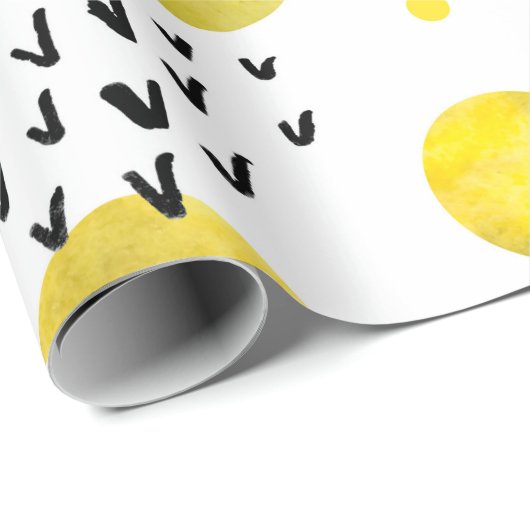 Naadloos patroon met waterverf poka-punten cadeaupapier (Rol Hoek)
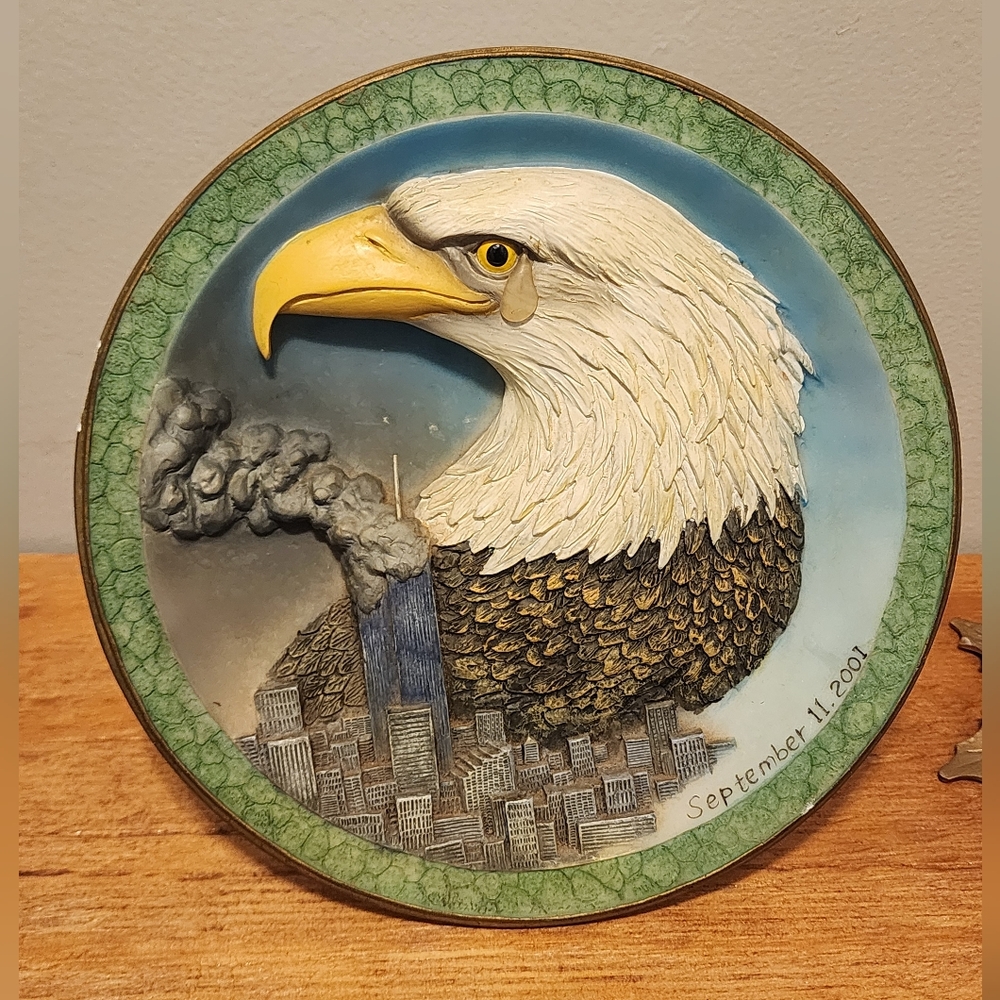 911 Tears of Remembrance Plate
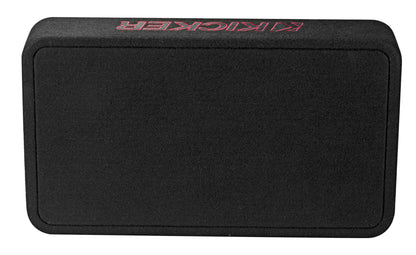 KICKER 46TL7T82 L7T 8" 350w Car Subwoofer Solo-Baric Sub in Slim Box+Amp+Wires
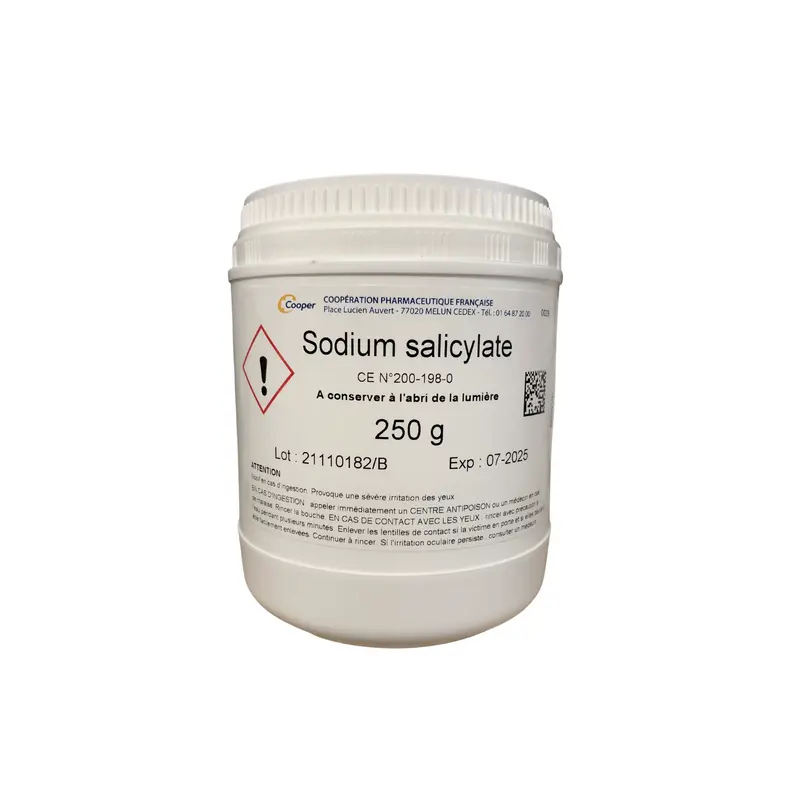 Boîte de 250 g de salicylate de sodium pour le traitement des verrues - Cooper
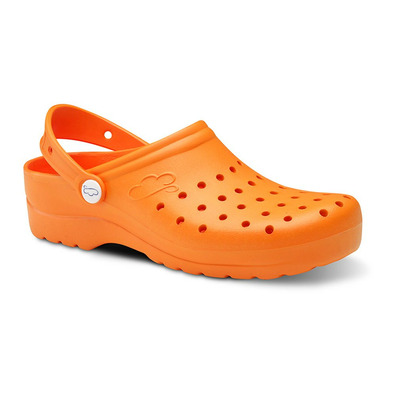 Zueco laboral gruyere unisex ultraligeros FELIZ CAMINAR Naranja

--

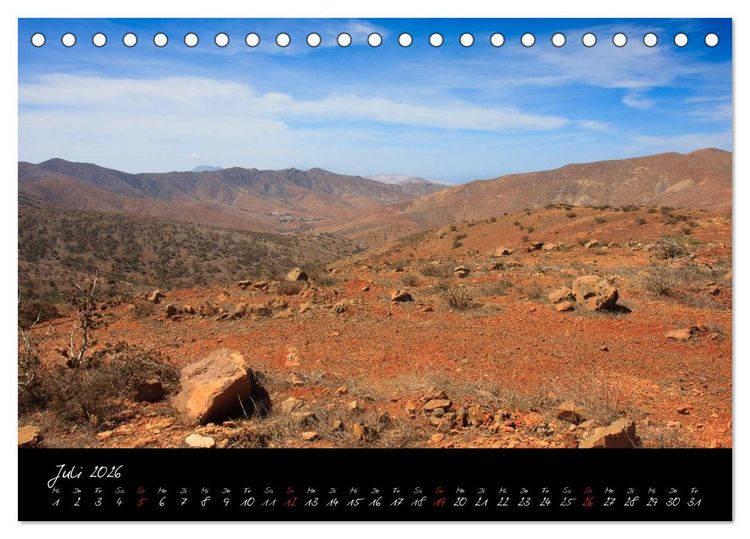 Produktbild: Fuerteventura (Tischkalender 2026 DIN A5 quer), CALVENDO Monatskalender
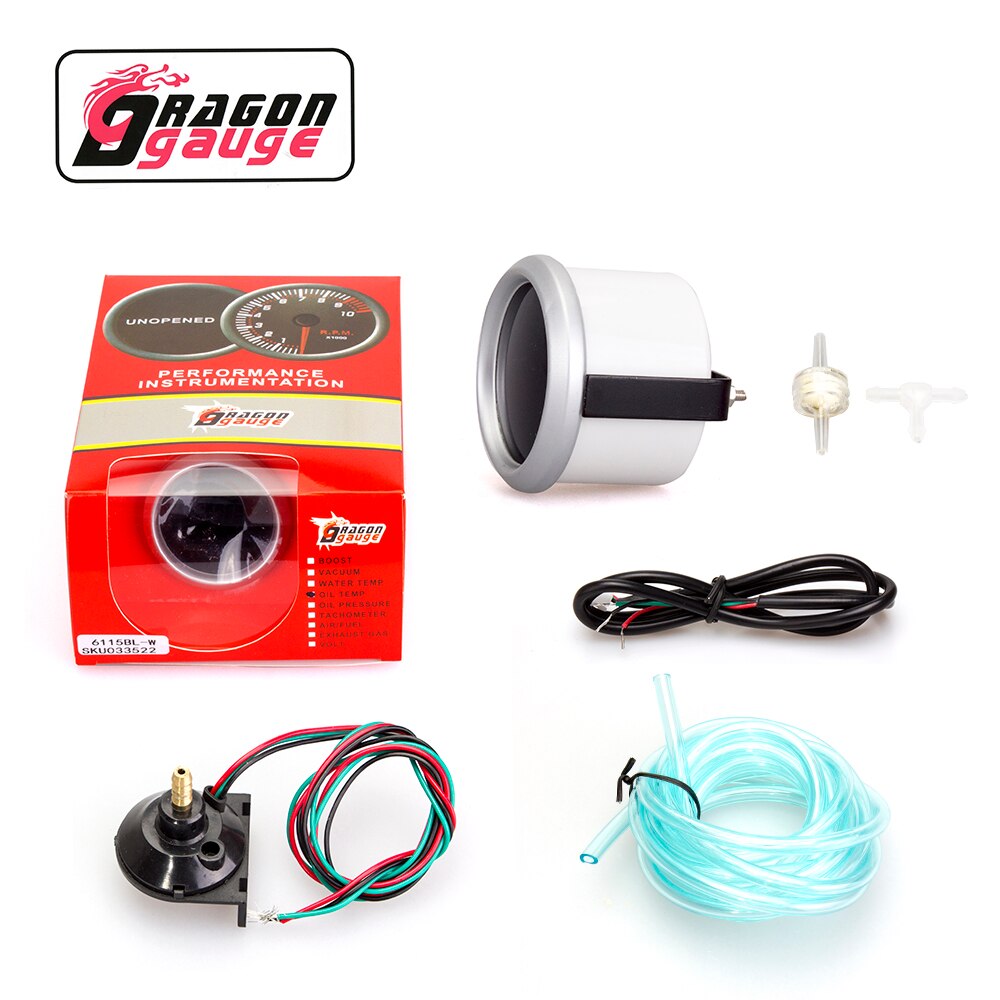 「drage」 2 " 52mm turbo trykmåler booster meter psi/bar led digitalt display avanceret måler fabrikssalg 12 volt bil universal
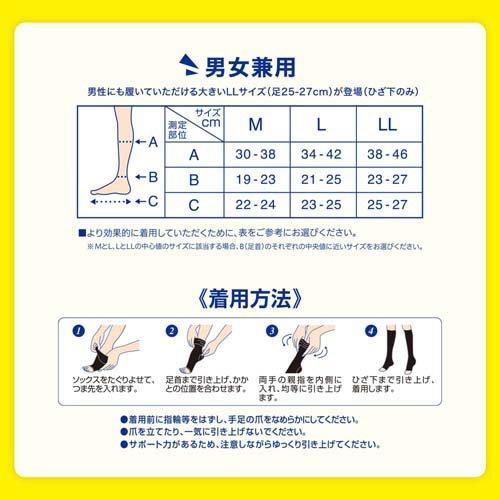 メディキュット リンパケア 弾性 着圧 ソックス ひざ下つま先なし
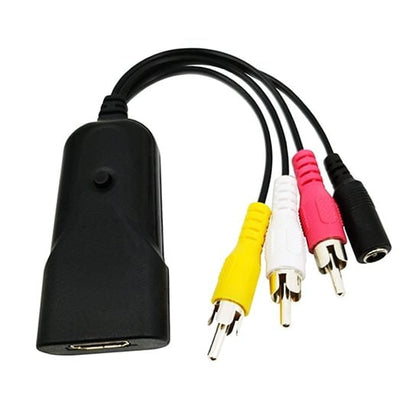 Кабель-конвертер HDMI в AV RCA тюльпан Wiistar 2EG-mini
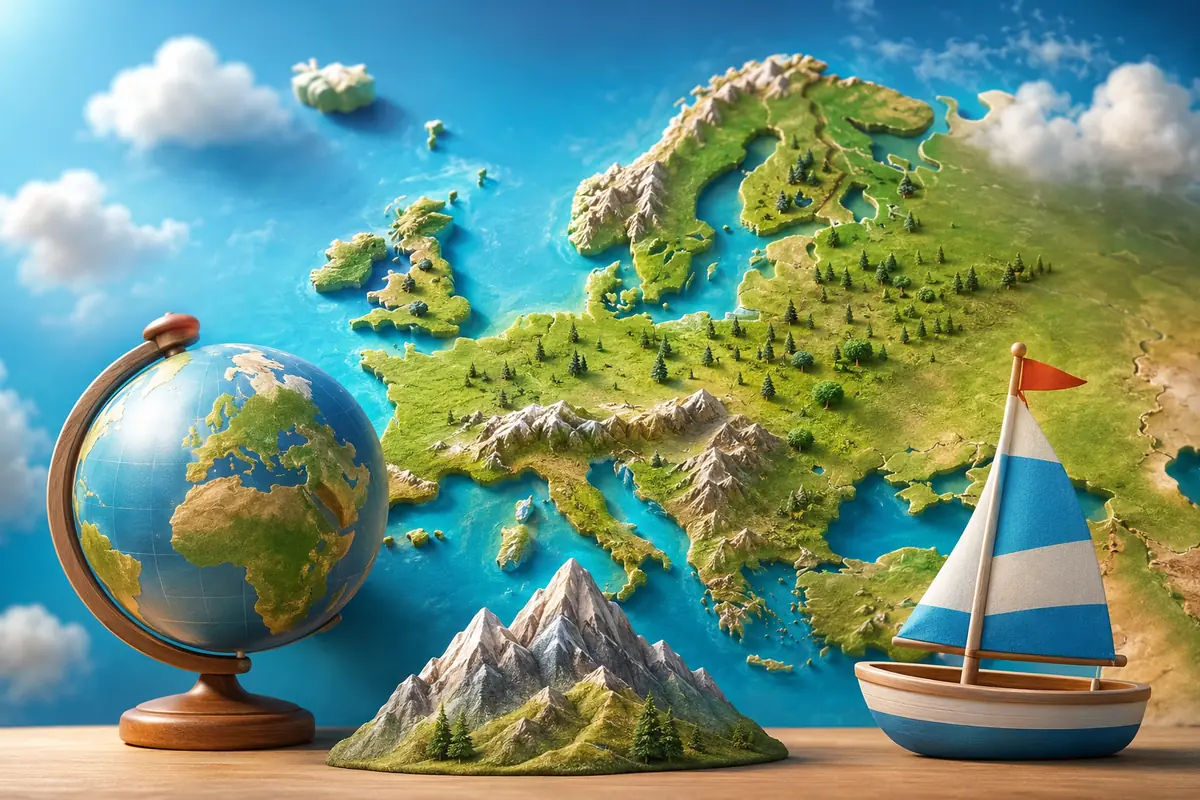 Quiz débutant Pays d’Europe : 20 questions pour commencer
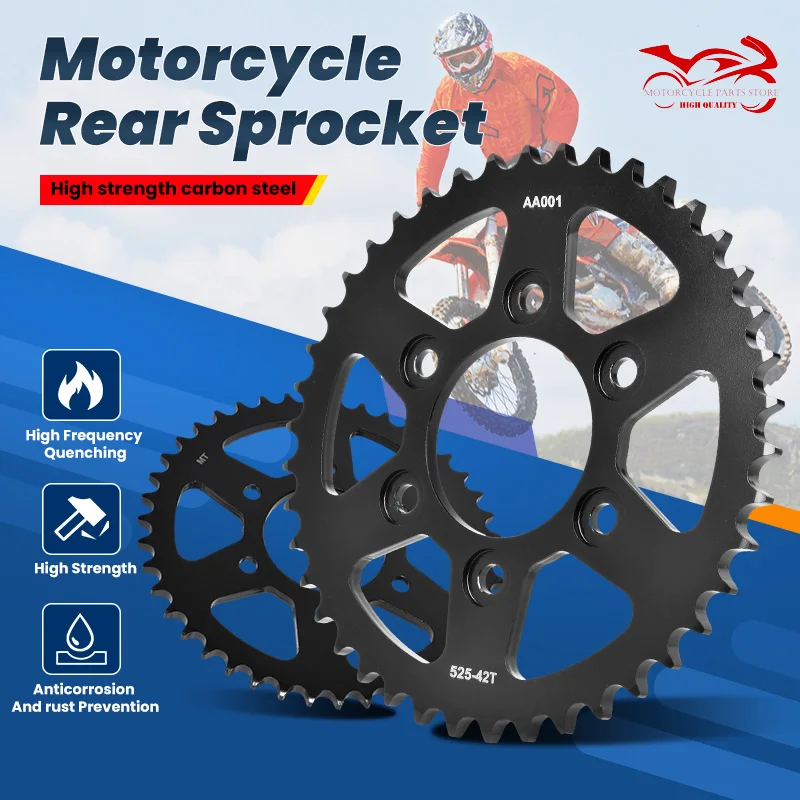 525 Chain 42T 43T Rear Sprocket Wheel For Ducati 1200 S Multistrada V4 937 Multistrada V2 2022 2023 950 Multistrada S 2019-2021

--

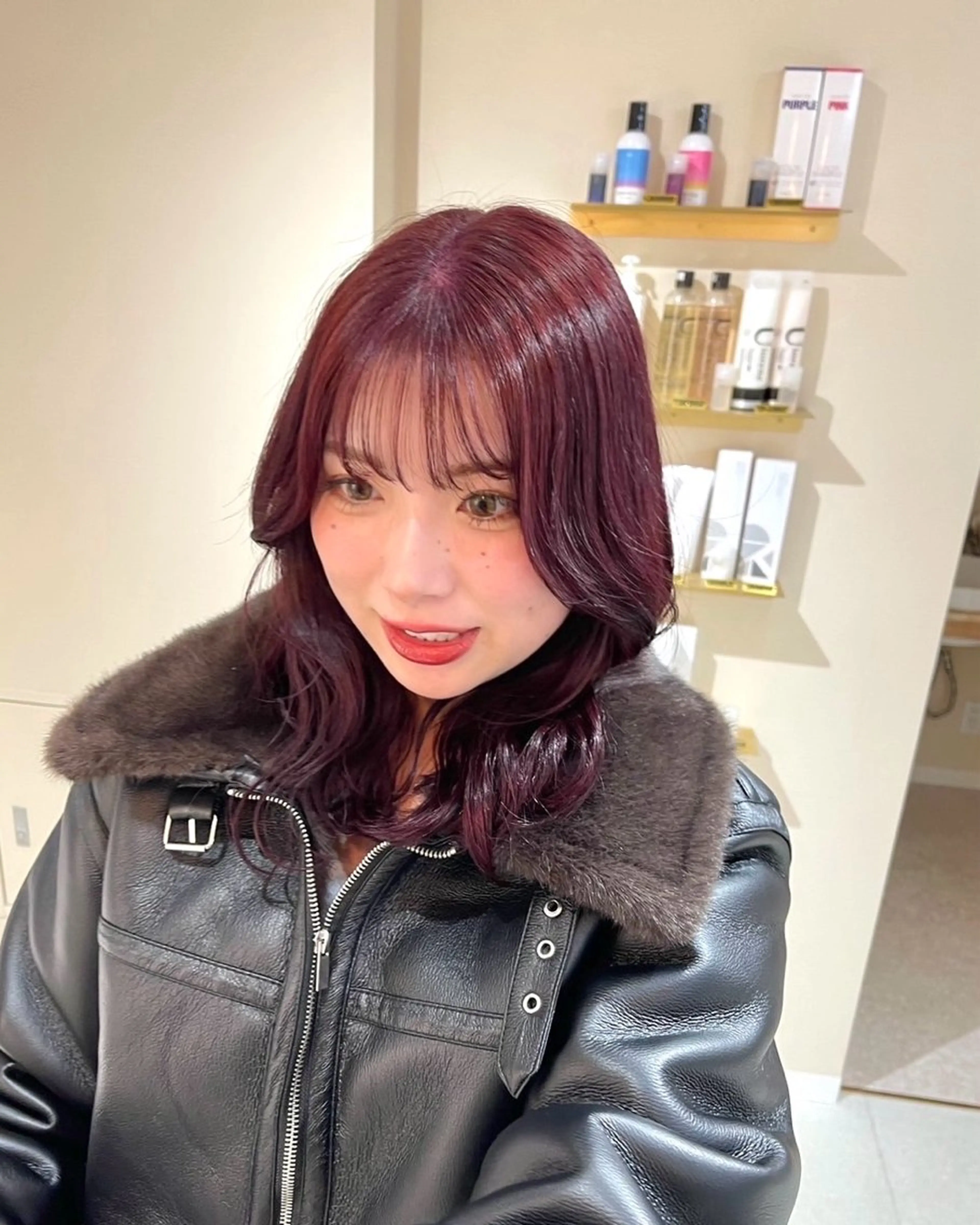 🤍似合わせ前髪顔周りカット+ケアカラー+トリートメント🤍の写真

--

**Exercise:** How would the lines above read from the one with "Naadloos patroon met" to the one with "Zueco laboral gruyere", inclusive, with no pictures? Write them out exactly.

**Task solution:**
 Naadloos patroon met waterverf poka-punten cadeaupapier (Rol Hoek)
 911 Tears of Remembrance Plate
 KICKER 46TL7T82 L7T 8" 350w Car Subwoofer Solo-Baric Sub in Slim Box+Amp+Wires
 Boîte de 250 g de salicylate de sodium pour le traitement des verrues - Cooper
 Zueco laboral gruyere unisex ultraligeros FELIZ CAMINAR Naranja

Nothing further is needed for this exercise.